# WHAT TO PRODUCE
Set down each line from the line holding "ADIDAS HERREN FUßBALLSCHUHE" to the last line of the entries below, exactly, with both ends included and without pictures.

# DATA TO PROCESS
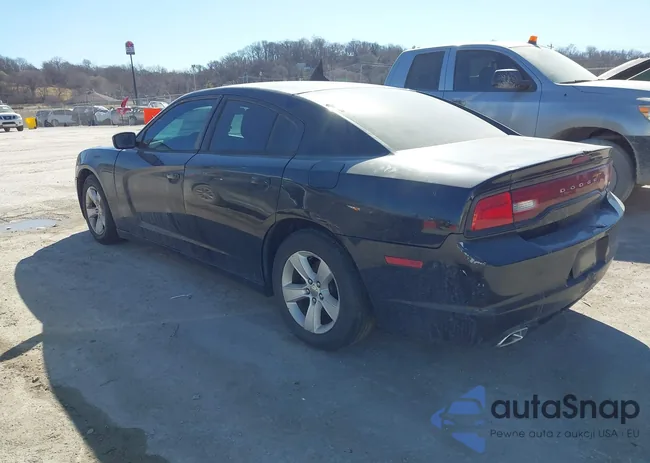 2C3CDXBG1CH111214: 41608990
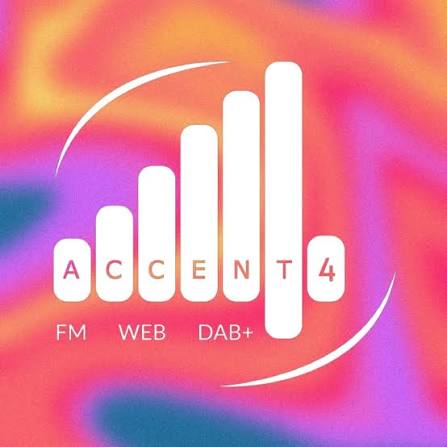 Accent 4
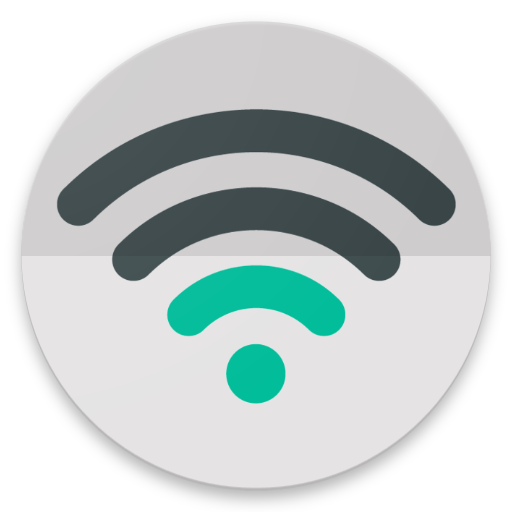 WiFi Analyzer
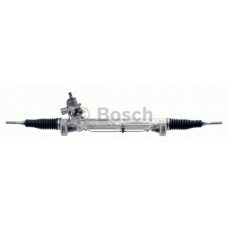 K S01 000 804 BOSCH Рулевой механизм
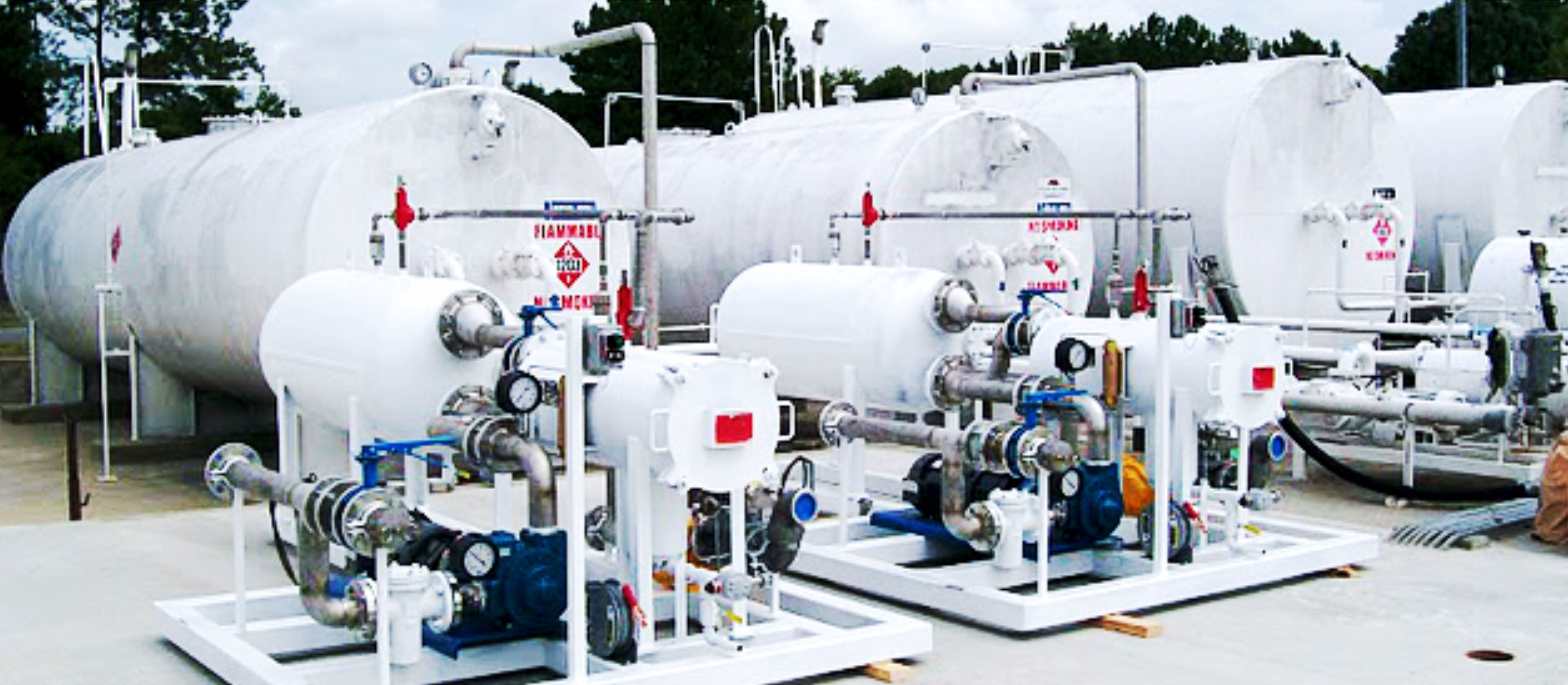 Nimabel Aviation Services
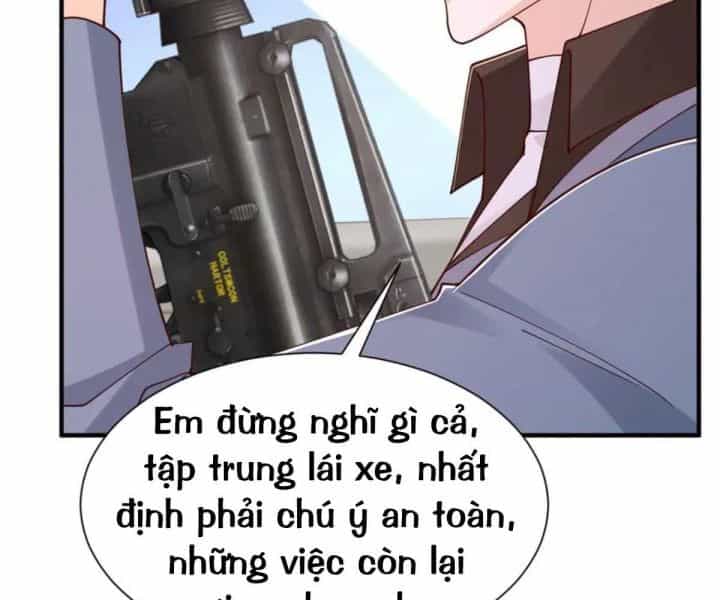 Mỗi Tuần Ta Có Một Nghề Nghiệp Mới - Chương 797 - ảnh 36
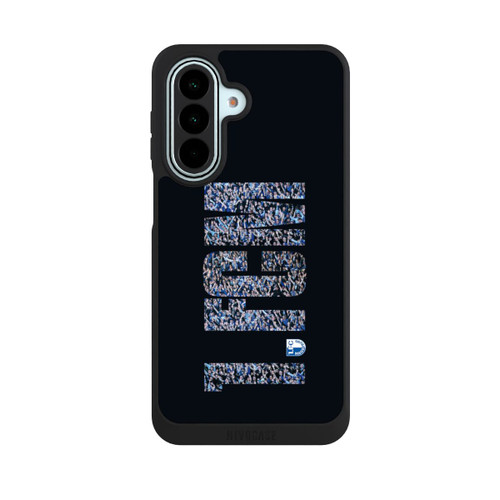Samsung Galaxy A27 5G NIVOpure 1.FCM Fans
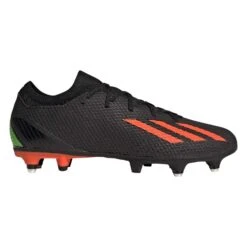 ADIDAS HERREN FUßBALLSCHUHE X SPEEDPORTAL.3 SG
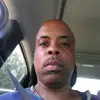 Kris Mason846 - @krismason846 - TikTok
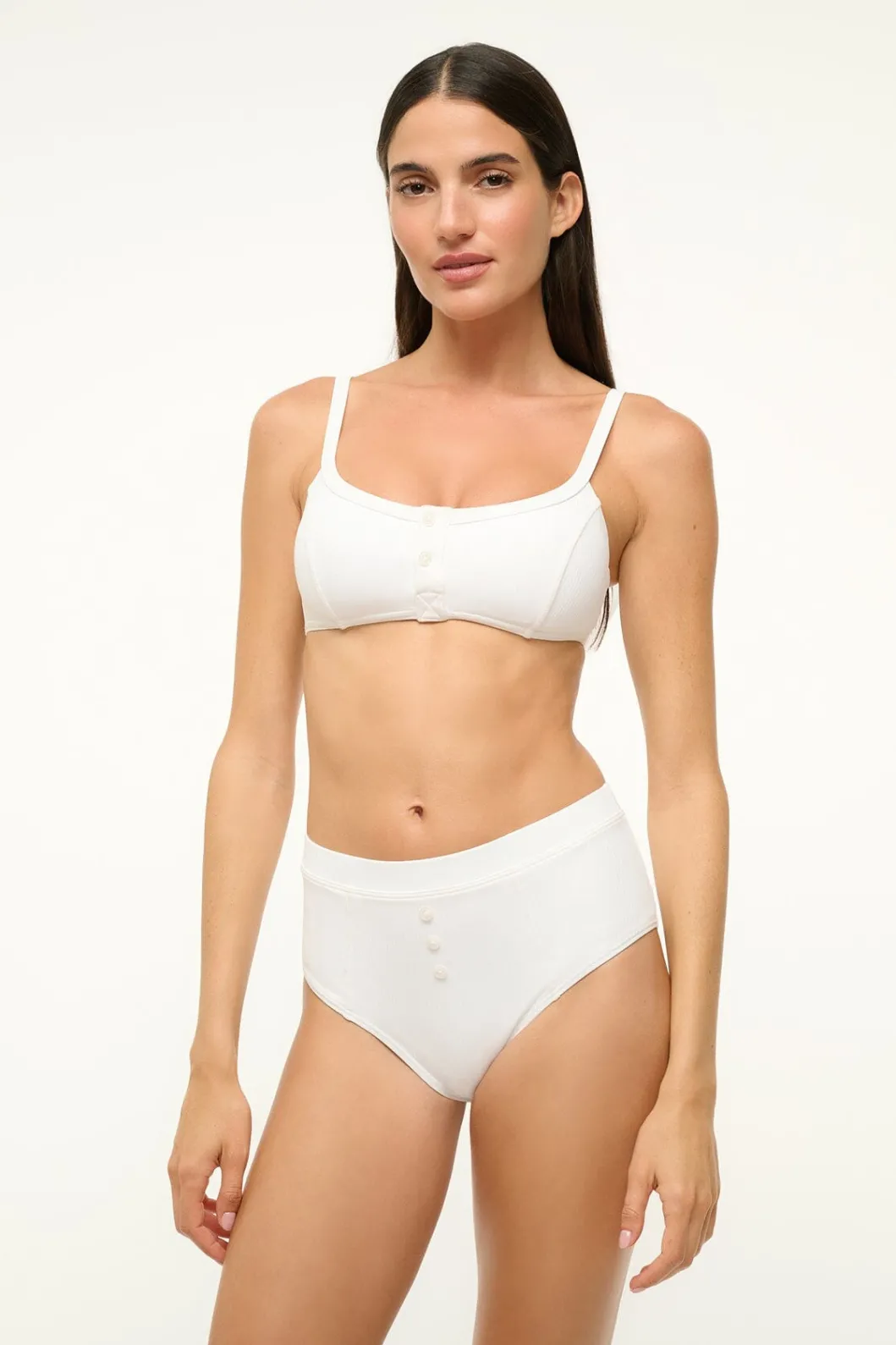staud_gia_bikini_bottom_bright_white_2.webp STAUD GIA BIKINI BOTTOM BRIGHT WHITE< Swim | Bikinis
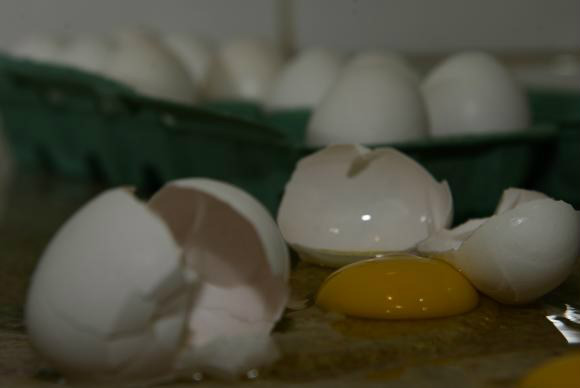 Mudança nas normas de pequenas agroindústrias de mel e ovos está sob consulta Mudança nas normas de pequenas agroindústrias de mel e ovos está sob consulta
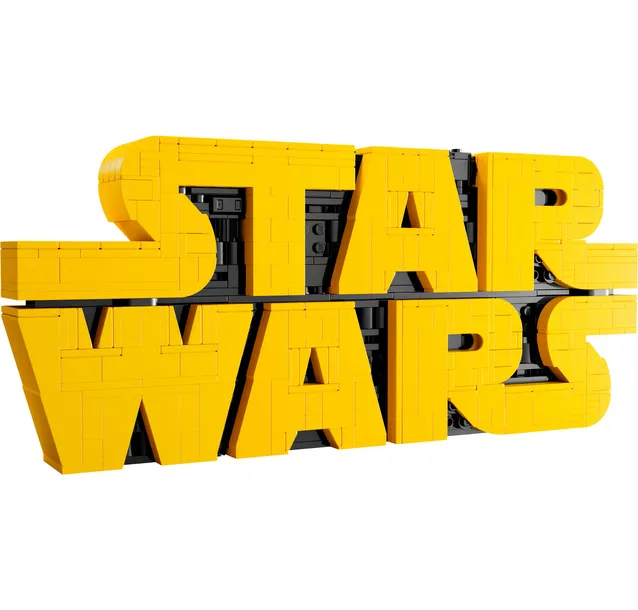 lego-r-star-wars-75407-tbd-bohater-star-wars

# EXERCISE RESULT
 ADIDAS HERREN FUßBALLSCHUHE X SPEEDPORTAL.3 SG
 Kris Mason846 - @krismason846 - TikTok
staud_gia_bikini_bottom_bright_white_2.webp STAUD GIA BIKINI BOTTOM BRIGHT WHITE< Swim | Bikinis
 Mudança nas normas de pequenas agroindústrias de mel e ovos está sob consulta Mudança nas normas de pequenas agroindústrias de mel e ovos está sob consulta
 lego-r-star-wars-75407-tbd-bohater-star-wars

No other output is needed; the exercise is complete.